Together, these components form a production-ready platform that accelerates the deployment of AI applications, particularly in enterprise and research environments. 

At Kruso, we are piloting NVIDIA NIM on customer-managed GPU clusters to deliver scalable, high-performance AI inference capabilities. This allows us to validate real-world workloads using customers’ existing infrastructure while leveraging NIM’s pre-tuned, GPU-optimized foundation models. 

To ensure repeatable and consistent deployments across environments, we use Terraform modules to automate infrastructure provisioning and service setup. This infrastructure-as-code approach enables us to deploy NIM microservices reliably, manage configurations efficiently, and scale deployments according to customer needs—whether on-premises or in the cloud. 

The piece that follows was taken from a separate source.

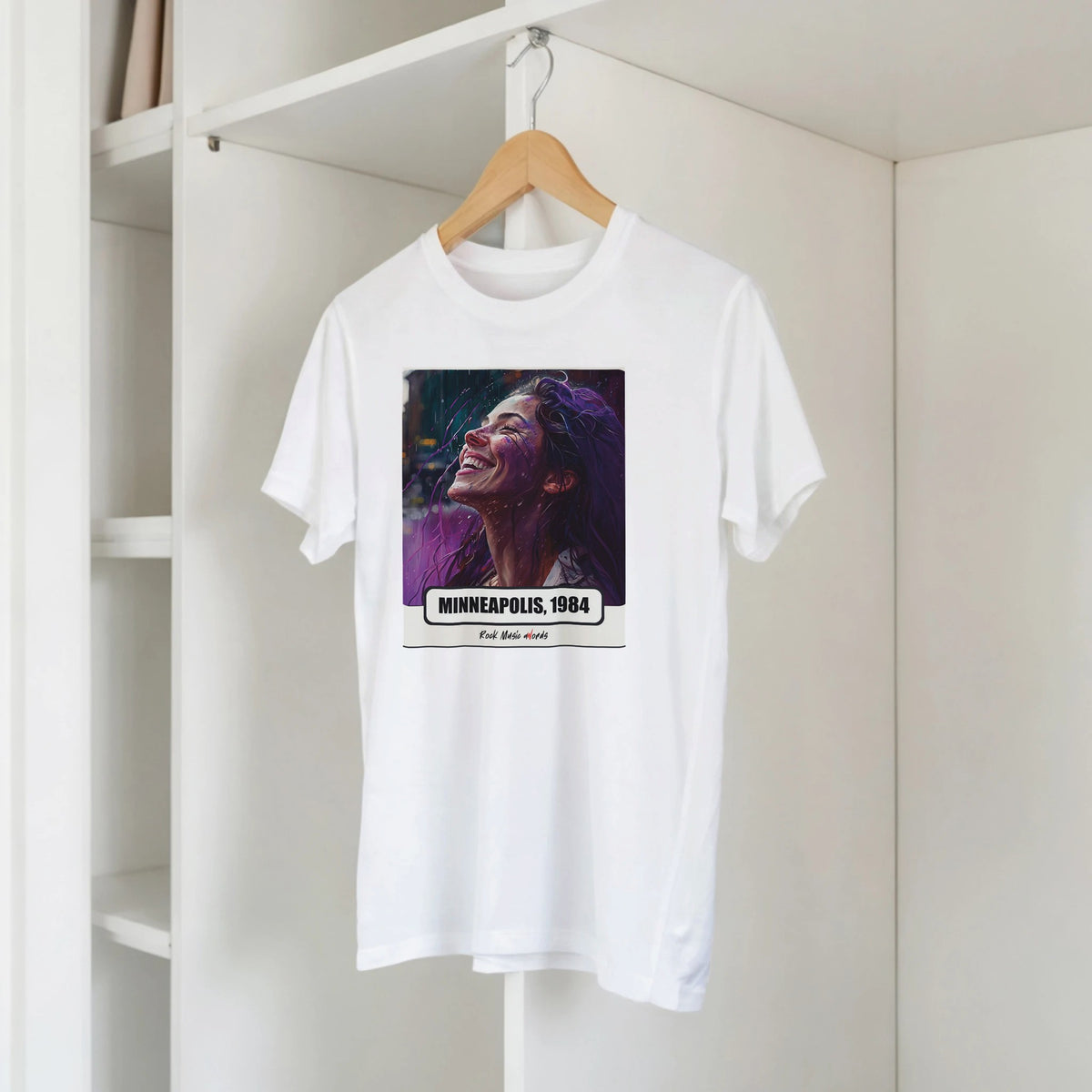 T-shirt bianca con la stampa Rock Art «Purple Rain – Minneapolis, 1984» su una gruccia di legno, appesa a una libreria bianca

By combining NVIDIA NIM with Terraform and customer GPU clusters, we can accelerate time-to-value for AI solutions while maintaining flexibility, control, and operational efficiency. 

One of the standout features of NVIDIA NIM is its "five-minute path" from model to production. This means that developers can go from selecting a pre-tuned foundation model to running it as a production-grade inference service in just minutes. By packaging models as containerized microservices—already optimized for NVIDIA GPUs — NIM eliminates the need for complex setup, model conversion, or manual tuning. 

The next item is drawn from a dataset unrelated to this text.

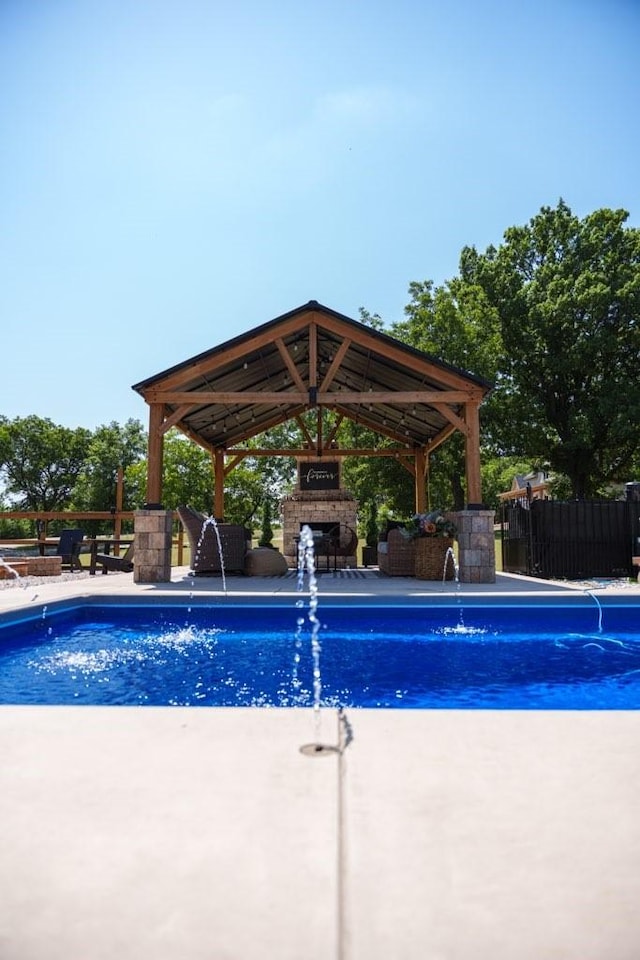 view of swimming pool with an outdoor fireplace, a patio, a gazebo, and pool water feature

Additionally, NIM is designed for maximum portability: it can run anywhere an NVIDIA driver exists. Whether it's a local workstation, an on-premises GPU server, or a cloud-based Kubernetes cluster, NIM provides consistent performance and deployment flexibility across environments. This makes it ideal for organizations looking to scale AI workloads quickly without being locked into a specific platform. 

Our approach to deploying NVIDIA NIM is centered around portability, performance, and scalability, leveraging the full NIM ecosystem to deliver reliable AI inference services across varied infrastructure setups. 

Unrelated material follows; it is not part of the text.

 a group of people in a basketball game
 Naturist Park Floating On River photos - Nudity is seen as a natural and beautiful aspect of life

• Portable inference: By using containerized NIM microservices, we ensure that inference workloads are portable and reproducible across different environments—on-premises, in the cloud, or at the edge. As long as an NVIDIA driver is present, the same microservice can run anywhere. 

• Triton inference server: We rely on Triton to manage and optimize model execution. Triton supports multi-framework models and enables features like dynamic batching and concurrent model serving, which significantly boost performance and resource efficiency. 

• TensorRT: For latency-sensitive applications, we integrate TensorRT to maximize inference speed and throughput. It compiles and optimizes models specifically for NVIDIA GPUs, reducing overhead and ensuring low-latency responses. 

• Helm-based deployment: We deploy NIM services using Helm charts, which allow us to manage Kubernetes-based environments with versioned, customizable templates. This simplifies scaling, updates, and operations across customer clusters. 

• GPU-elastic architecture: Our deployments are designed to be GPU-elastic, meaning they can scale up or down based on available GPU resources. This ensures optimal utilization, cost-efficiency, and consistent performance under varying workloads. 

Together, this architecture enables us to deliver fast, flexible, and production-ready AI services tailored to meet your needs while reducing operational complexity.